Unnamed: 0,X2,as,ae,ai,m,ak,r,n,s,f,e
0,at,0,0,0,0,0,0,0,0,0,0
1,av,0,0,0,0,0,0,0,0,0,0
2,n,0,0,0,0,0,0,1,0,0,0
3,n,0,0,0,0,0,0,1,0,0,0
4,n,0,0,0,0,0,0,1,0,0,0
5,e,0,0,0,0,0,0,0,0,0,1
6,e,0,0,0,0,0,0,0,0,0,1
7,as,1,0,0,0,0,0,0,0,0,0
8,as,1,0,0,0,0,0,0,0,0,0
9,aq,0,0,0,0,0,0,0,0,0,0


only for the top ten labels the replacement of 1 or 0 is possible.

for the labels which are under top ten will be replaced with 0 alone.

## ENCODING THE WHOLE DATA 
#####  i.e)  creating dummy variables for categorical data

*

In [32]:
# read the data again
df = pd.read_csv('D:\\CS50\\projects data set\\mercedes benz\\train.csv', usecols=['X1','X2','X3','X4','X5','X6'])
df.head()

Unnamed: 0,X1,X2,X3,X4,X5,X6
0,v,at,a,d,u,j
1,t,av,e,d,y,l
2,w,n,c,d,x,j
3,t,n,f,d,x,l
4,v,n,f,d,h,d


In [34]:
# Top ten categories in each feature

for x in df.columns:
    print('top_10_'+ x, '=', [x for x in df[x].value_counts().sort_values(ascending=False).head(10).index])


top_10_X1 = ['aa', 's', 'b', 'l', 'v', 'r', 'i', 'a', 'c', 'o']
top_10_X2 = ['as', 'ae', 'ai', 'm', 'ak', 'r', 'n', 's', 'f', 'e']
top_10_X3 = ['c', 'f', 'a', 'd', 'g', 'e', 'b']
top_10_X4 = ['d', 'a', 'b', 'c']
top_10_X5 = ['w', 'v', 'q', 'r', 's', 'd', 'n', 'p', 'm', 'i']
top_10_X6 = ['g', 'j', 'd', 'i', 'l', 'a', 'h', 'k', 'c', 'b']


In [35]:
# get whole set of dummy variables, for all the categorical variables

    # function to create the dummy variables for the most frequent labels
    # we can also vary the number of most frequent labels that we encode (like top 10, like top 5)

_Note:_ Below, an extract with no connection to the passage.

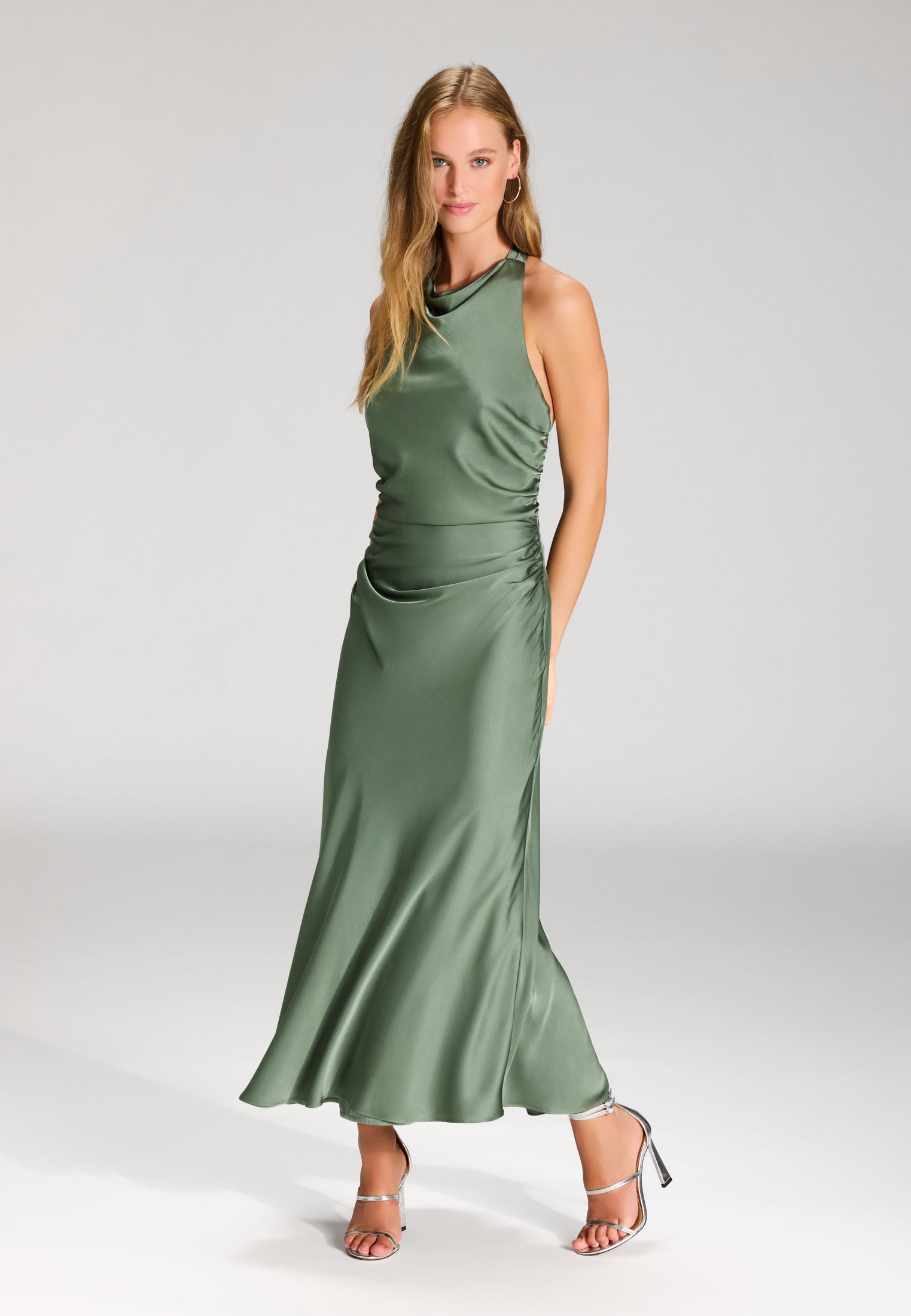 Midikleid aus Satin mit Rückenausschnitt matcha green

def one_hot_encode_features (data, feature , top_10_labels):                               
    for label in top_10_labels:
        df[feature + '_' + label] = np.where(df[feature]==label, 1, 0)


In [36]:

# column_name = ['']


for features in df.columns[:]:
    
    one_hot_encode_features(df, features , 'top_10_'+features)

df.head()

Unnamed: 0,X1,X2,X3,X4,X5,X6,X1_t,X1_o,X1_p,X1__,...,X5_X,X5_5,X6_t,X6_o,X6_p,X6__,X6_1,X6_0,X6_X,X6_6
0,v,at,a,d,u,j,0,0,0,0,...,0,0,0,0,0,0,0,0,0,0
1,t,av,e,d,y,l,1,0,0,0,...,0,0,0,0,0,0,0,0,0,0
2,w,n,c,d,x,j,0,0,0,0,...,0,0,0,0,0,0,0,0,0,0
3,t,n,f,d,x,l,1,0,0,0,...,0,0,0,0,0,0,0,0,0,0
4,v,n,f,d,h,d,0,0,0,0,...,0,0,0,0,0,0,0,0,0,0


One Hot encoding of top variables

Advantages

- Straightforward to implement
- Does not require hrs of variable exploration
- Does not expand massively the feature space (number of columns in the dataset)

Disadvantages

- Does not add any information that may make the variable more predictive
- Does not keep the information of the ignored labels

Because it is not unusual that categorical variables have a few dominating categories and the remaining labels add mostly NOISE, this is a quite simple and straight forward approach that may be useful on many occasions.

It is worth noting that the top 10 variables is a totally arbitrary number. You could also choose the top 5, or top 20.

This modelling was more than enough for the team to win the KDD 2009 cup. They did do some other powerful feature engineering as we will see in following lectures, that improved the performance of the variables dramatically.